Available data:
▬▬▬▬▬▬▬▬▬▬
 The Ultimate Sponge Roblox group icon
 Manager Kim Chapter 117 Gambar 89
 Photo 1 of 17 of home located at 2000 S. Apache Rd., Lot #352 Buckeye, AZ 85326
▬▬▬▬▬▬▬▬▬▬
Retype the whole listing above. Please keep it exact.

Answer space:
 The Ultimate Sponge Roblox group icon
 Manager Kim Chapter 117 Gambar 89
 Photo 1 of 17 of home located at 2000 S. Apache Rd., Lot #352 Buckeye, AZ 85326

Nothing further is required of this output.